In tandem with increasing digitization, there has been a great
deal of consolidation in the real estate service industry. Real estate sales,
funding and data are now all dominated by large companies such as Coldwell
Banker, Rocket Mortgage and Zillow. As these companies obtain larger portions
of market share, they are able to mold both market practices and customer
expectations. Under the banners of convenience, security and increased access
and control for customers, these companies have pushed to digitize more aspects
of real estate transactions. In service of this digitization, transactions have
become more virtual and the mobile device has become the point of first contact
for many customers and clients, replacing the role once played by many real
estate professionals.
Another
dimension to the growing digitization of real estate is the weakening of the
largest lobby group of real estate professionals—NAR. The recent NAR settlement has
not only served to severely limit the reach and influence of NAR, but it also
shed light on how powerful the organization truly was prior. Leaving aside any
opinions of the settlement, which are explored in other articles and podcast
episodes on this blog, organizations like NAR, the National Association of
Mortgage Broker, Mortgage Bankers Association and the various national
appraiser organizations, serve to advocate for real estate industry standards
and practices on behalf of real estate professionals. This advocacy served to
temper some of the effects of the expanding digitization of the real estate
industry, for better or worse. In the wake of the NAR settlement, however,
these organizations find their influence greatly diminished.
Further
adding to the increasing digitization of the real estate market is the
increased development and use of AI. Predictive AI has been used by real estate
companies for years. Its current uses include marketing, lead generation,
valuation, and even virtual tours. Entire articles have been written about the
uses of AI in the real estate industry and one may be coming soon to the Real Estate Think Tank,
in the meantime, .addepto has a
great article on real estate AI usages. The net effects of
these usages in the real estate market are targeted ads to potential customers,
auto-populated property searches, auto-populated mortgage applications and
higher quality lead generation. AI has given real estate professionals constant
and direct access to customers and clients, whose preferences are aligned with
the services they offer. For real estate consumers, AI offers higher levels of
convenience, providing smoother and more seamless real estate transactions.
The Good, The Bad and The Ugly
Ostensibly,
digitization and the three aforementioned factors in particular, have led to
higher convenience, faster transactions and better customer service. These
changes could facilitate greater transactions volumes and better customer
retention for all real estate businesses. Since real estate is the
quintessential low volume, high value business, in that most consumers do not
transact multiple times a year and many may only engage once every few years,
customer/client retention is very valuable. This type of progress can be
valuable to all real estate professionals. Caution, however, must be taken that
the uses of AI and the increasing consolidation of the real estate market
players does not lead to more insidious uses of AI and technology. Darker side
of AI usage includes such practices as price fixing, prejudicial practice,
steering and consumer manipulation. In the past, real estate professional
organizations served as a check to some of the more insidious tactics of the
larger business in the industry. This was done by direct opposition to certain
practices, but more frequently, these organizations created an environment in
which smaller real estate businesses could survive and provide an alternative
to the larger companies. This in no way suggests that these professional
organizations sought to protect consumers, but their presence did serve as a
check on the ills that typically accompany industry consolidation. As these
professional organizations play a less influential role in the market going forward,
special attention must be paid to the business practices of the larger
companies in the real estate industry.
Digitization and Real Estate Professionals
Despite
the changes brought about by digitization of the real estate industry, real
estate professionals will continue to be in demand. This sustained demand comes
primarily from two competitive advantages that professionals have over
technology—relationship building and agency over the use of local information.

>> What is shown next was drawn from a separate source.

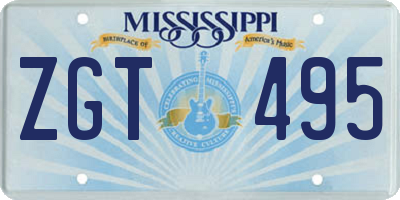 MS license plate ZGT495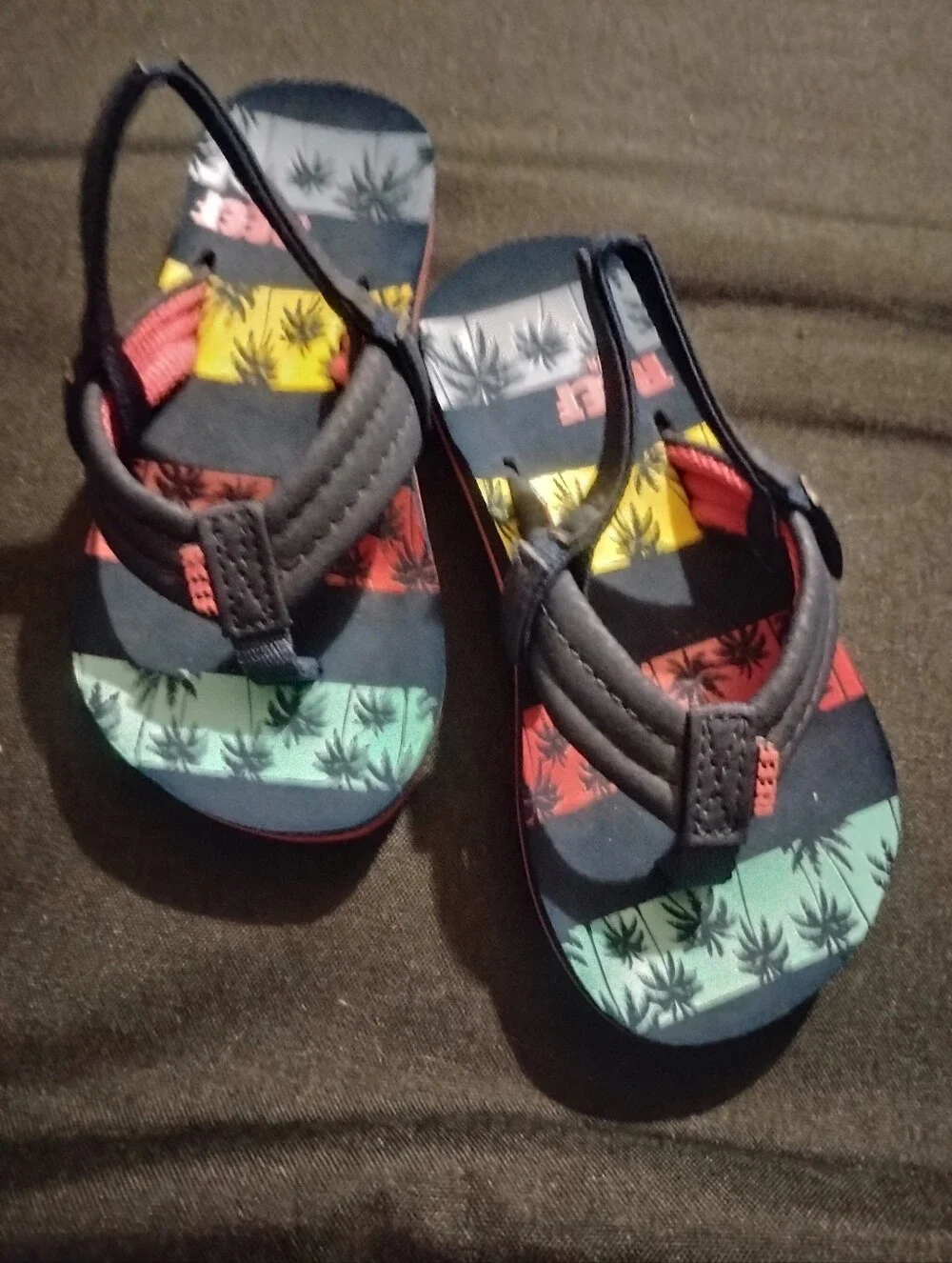 Reef Kids Navy Flip-Flops with Multi-Color Tropical Stripes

These two abilities offer anyone with a career in real estate the ability to
navigate the currently changing landscape in the face of increasing
digitization.
Relationship Building
Real estate professionals offer the “human factor” to all their customers. No amount of digitization can replace the personability of a real estate professional. The interactions that customers and clients have with real estate professionals put them at ease and are responsive in real time. Consumers can develop a rapport with the professionals that serve them. These professionals can make adjustments quickly, without the trial-and-error process of AI algorithms. Above all, we still live in a time in which having a human face to associate with a company or transactions puts everyone at ease. It is this very humanity that leads consumers to connect with the real estate professionals that serve them and build relationships that benefit both parties and produce recurring business.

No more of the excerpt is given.